● **Data excerpts**
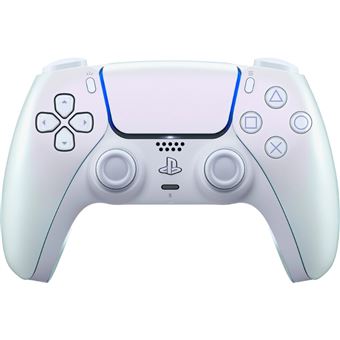 Mando inalámbrico Sony DualSense V2 Pearl para PS5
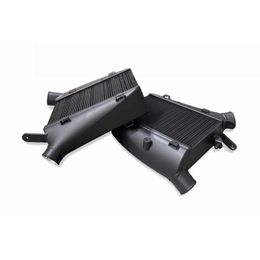 8194B, CSF 8194B Twin Intercooler Set (black) for AUDI C8 RS6/RS7 в ОАЭ, Дубай. Состояние - новое. Цена 17 970 AED. Фото, контакты продавца | AUTO.AE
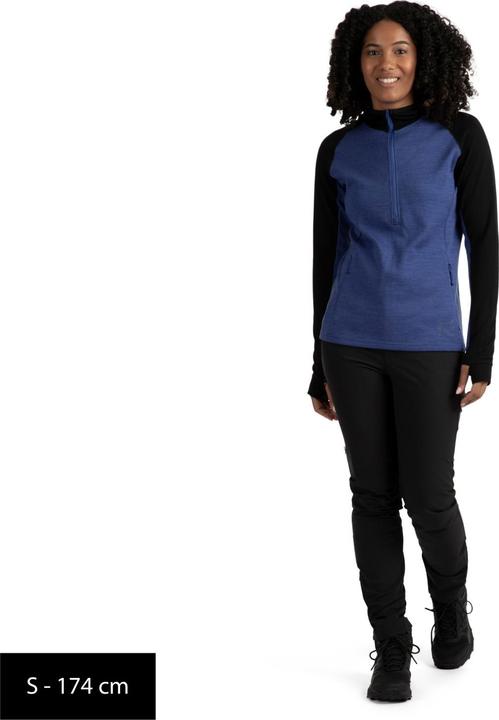 Immagine prodotto Stoic Women's Merino260 StadjanSt. 3/4 Zip w. Hood (40)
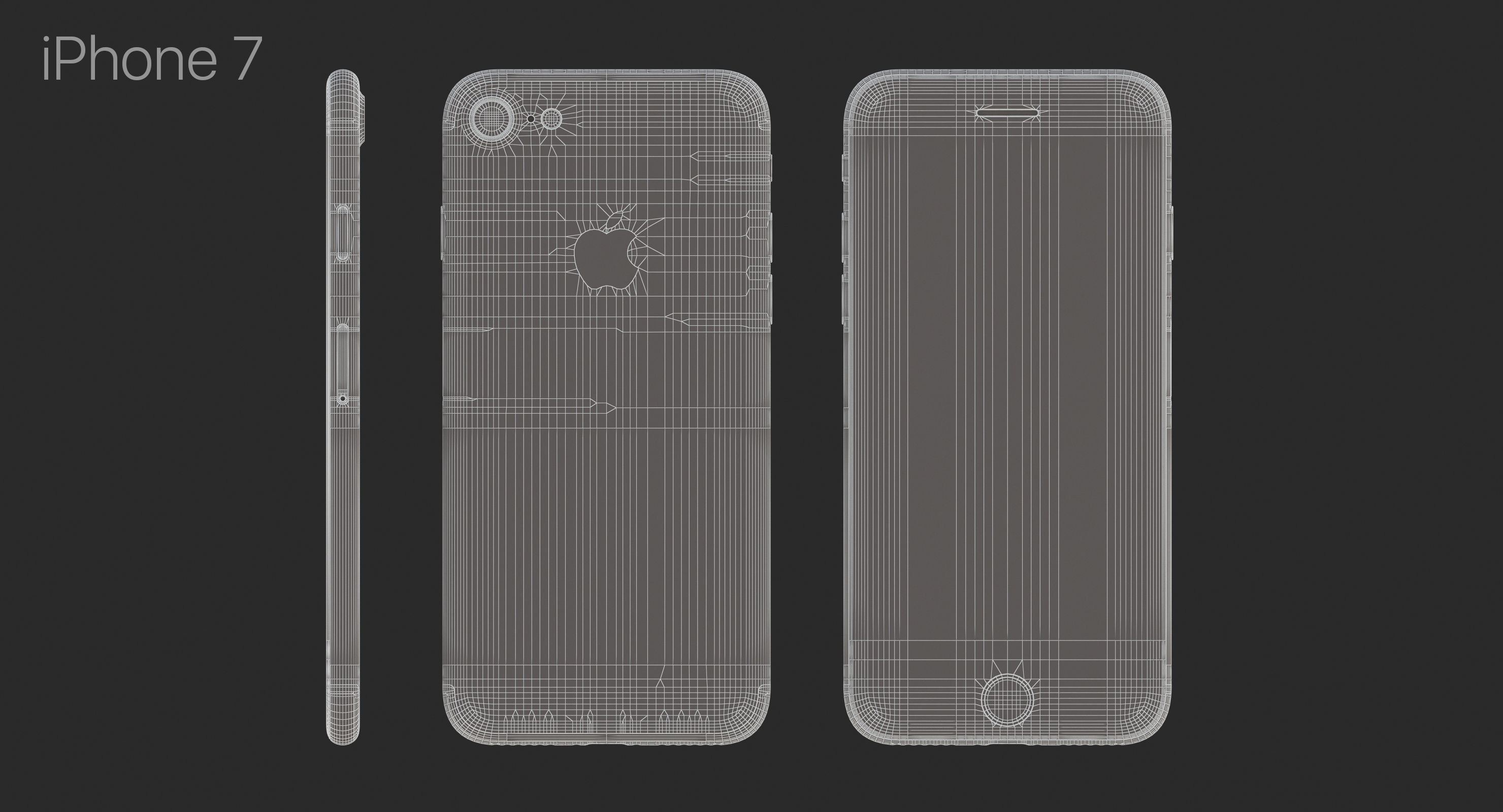 Apple Collection 46 Models 3D model_81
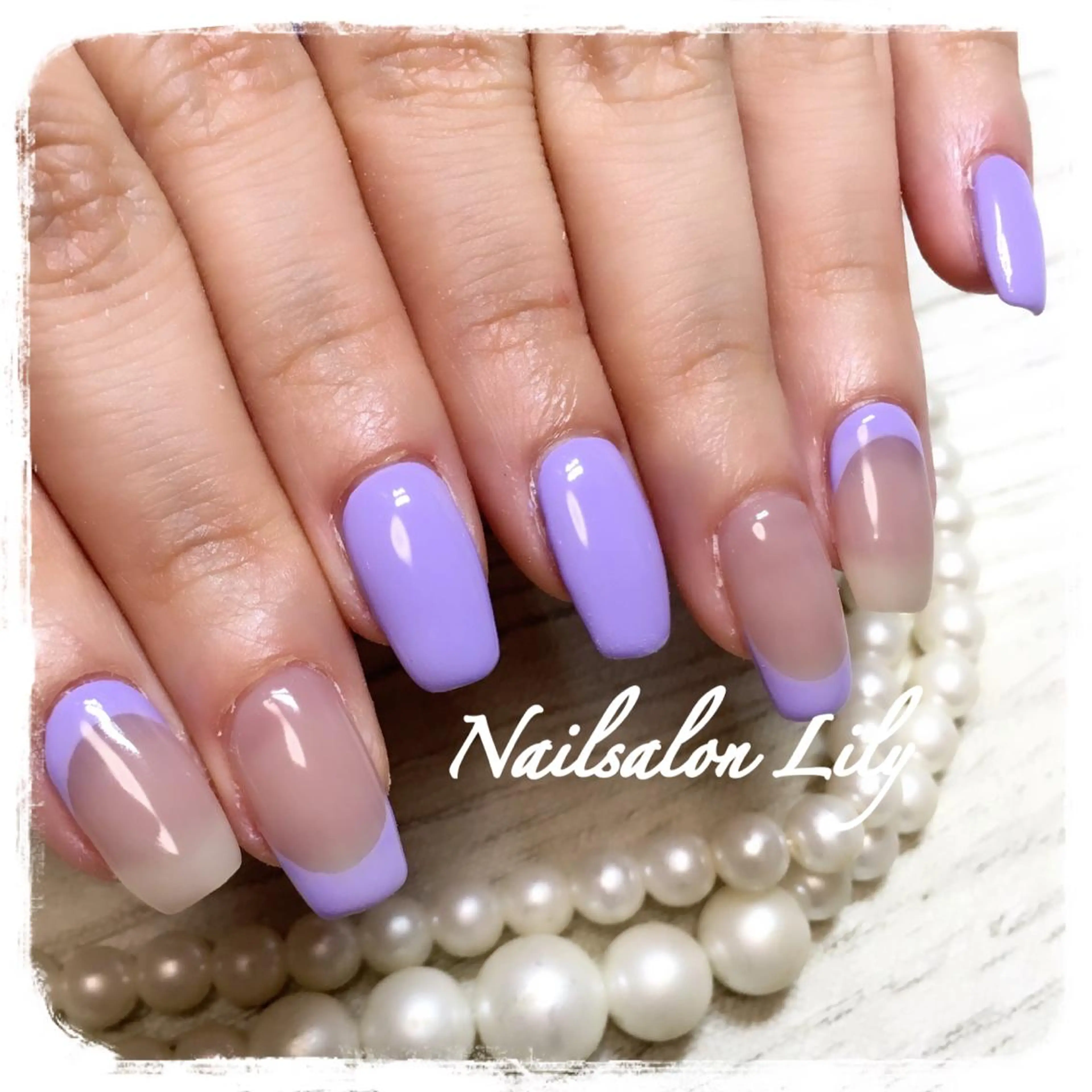 ネイル Nailsalon Lilyのネイルデザイン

● **Exercise directions**
Restate the data word for word from its first line through the line with "Apple Collection 46 Models 3D model_81", leaving out any picture along the way.

● **Response to this exercise**
 Mando inalámbrico Sony DualSense V2 Pearl para PS5
 8194B, CSF 8194B Twin Intercooler Set (black) for AUDI C8 RS6/RS7 в ОАЭ, Дубай. Состояние - новое. Цена 17 970 AED. Фото, контакты продавца | AUTO.AE
 Immagine prodotto Stoic Women's Merino260 StadjanSt. 3/4 Zip w. Hood (40)
 Apple Collection 46 Models 3D model_81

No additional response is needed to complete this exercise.